• _Supplied entries_:
== Segment start ==
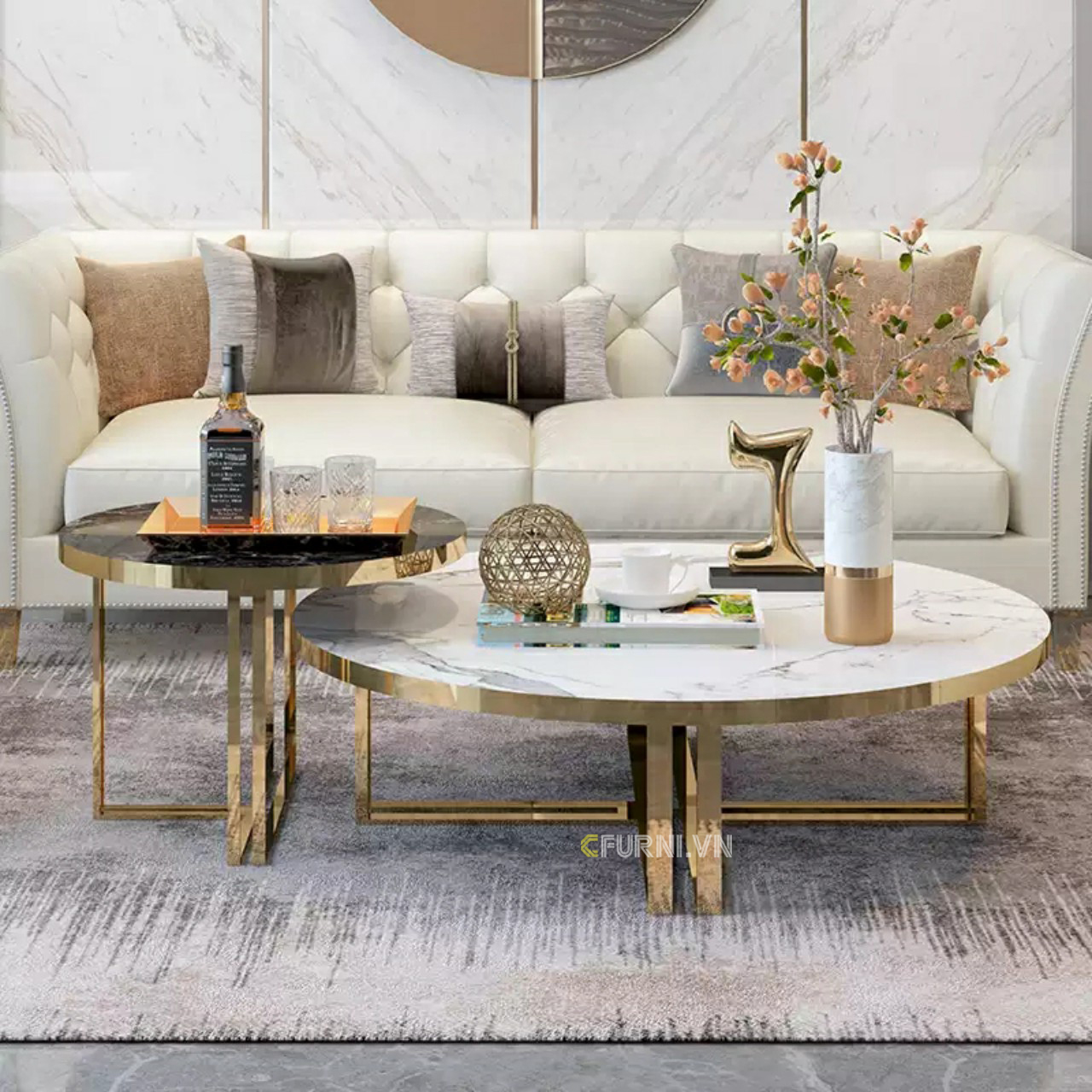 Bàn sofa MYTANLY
== Segment end ==
== Segment start ==
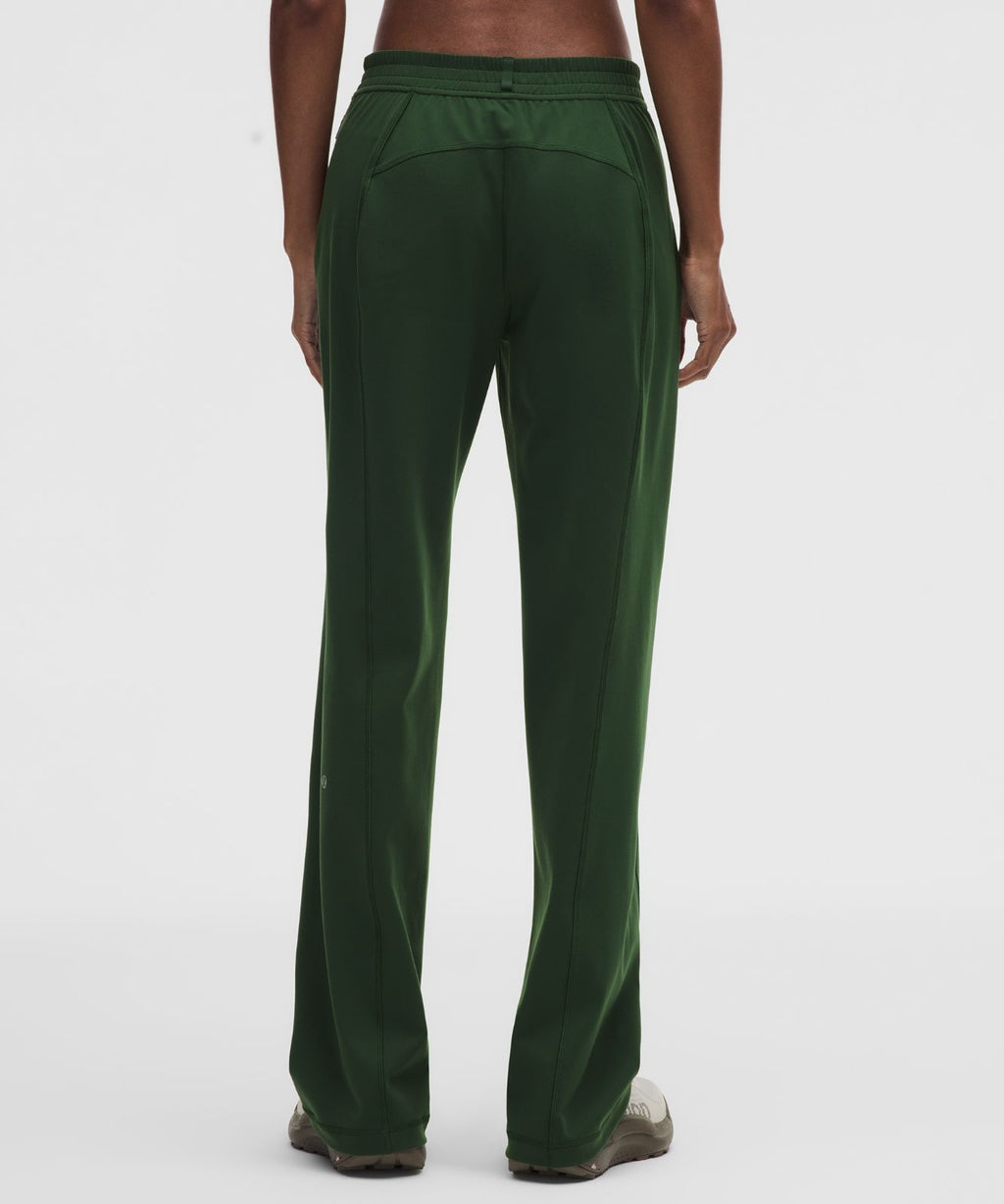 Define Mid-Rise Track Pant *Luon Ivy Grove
== Segment end ==
== Segment start ==
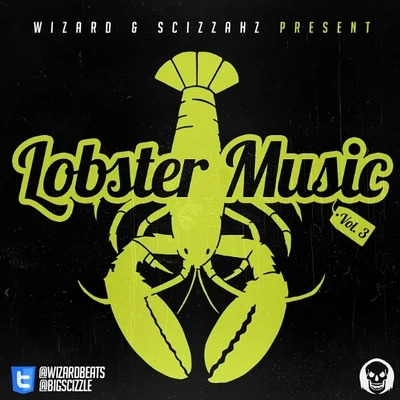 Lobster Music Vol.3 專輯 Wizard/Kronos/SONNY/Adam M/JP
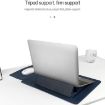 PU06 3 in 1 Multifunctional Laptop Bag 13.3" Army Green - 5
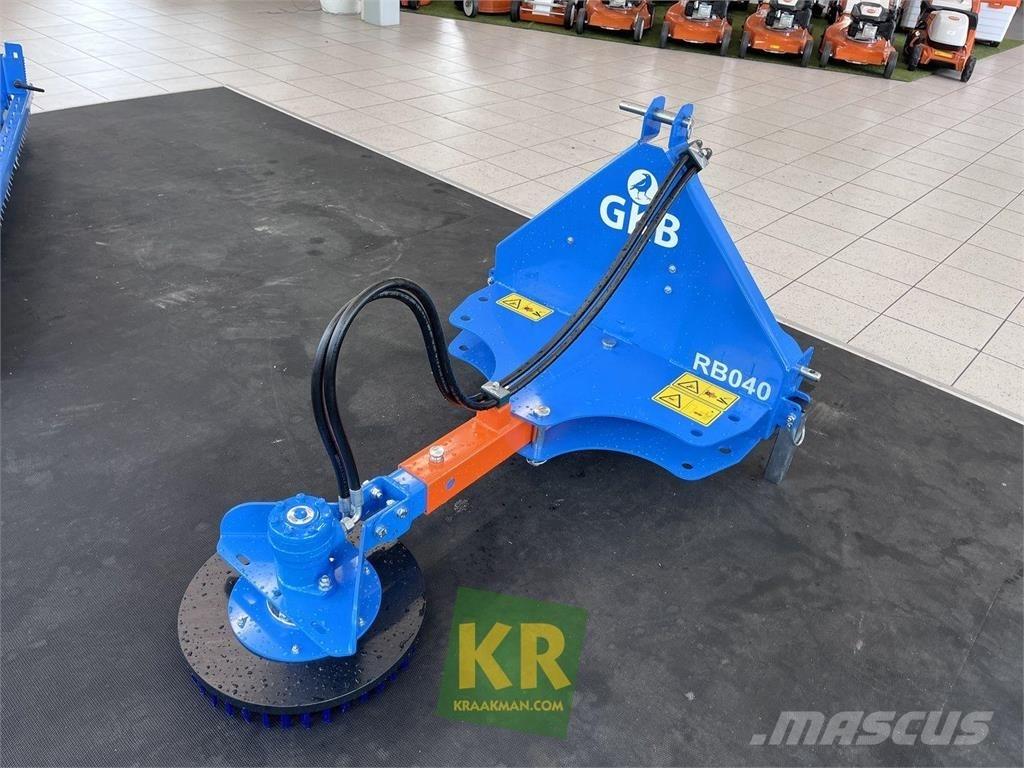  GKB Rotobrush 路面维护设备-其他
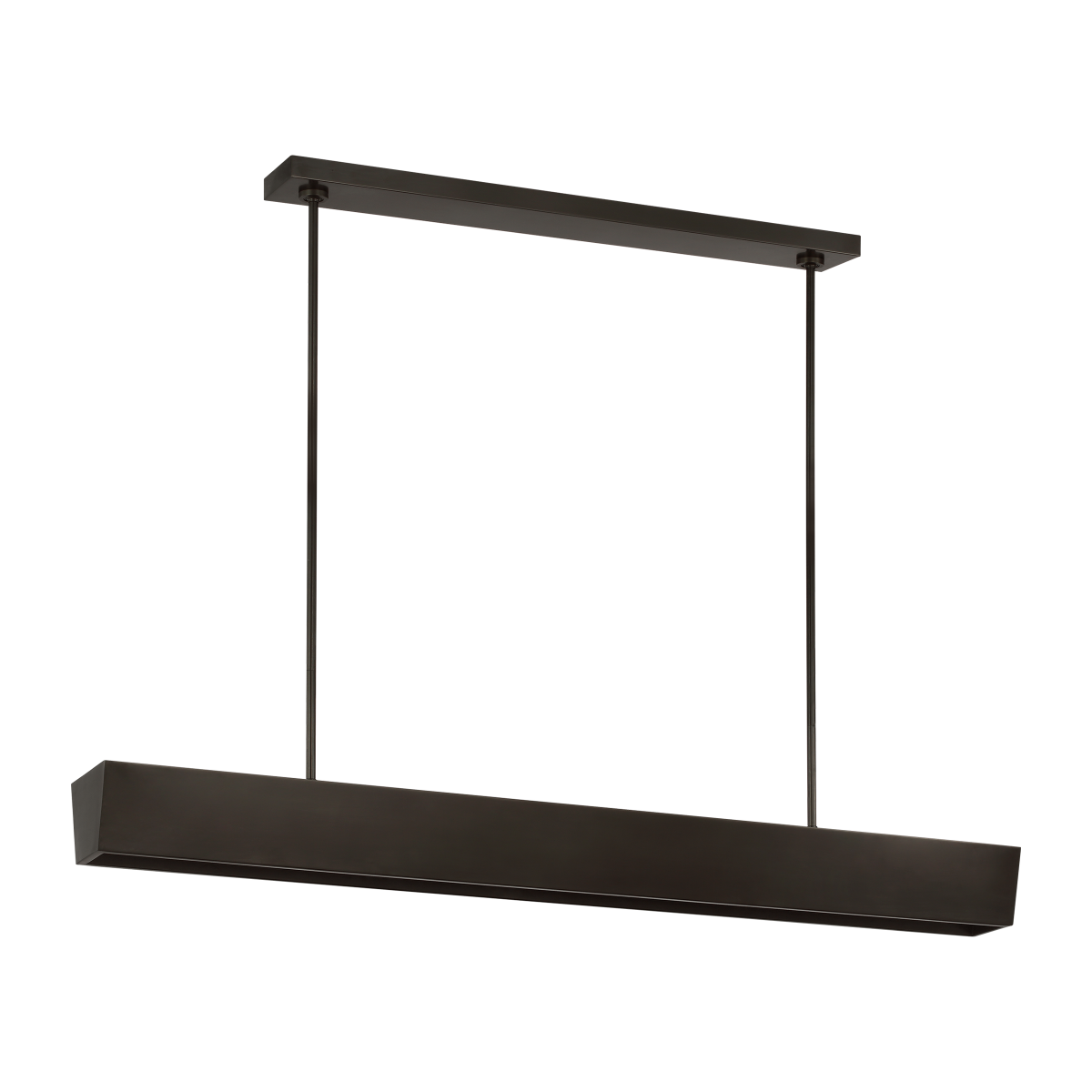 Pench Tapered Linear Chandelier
== Segment end ==
• _Exercise description_: Those lines of the records above that run from the one containing "GKB Rotobrush 路面维护设备-其他" through the one containing "Pench Tapered Linear Chandelier" should be returned exactly, with no pictures among them.

• _Written reply_:
  GKB Rotobrush 路面维护设备-其他
 Pench Tapered Linear Chandelier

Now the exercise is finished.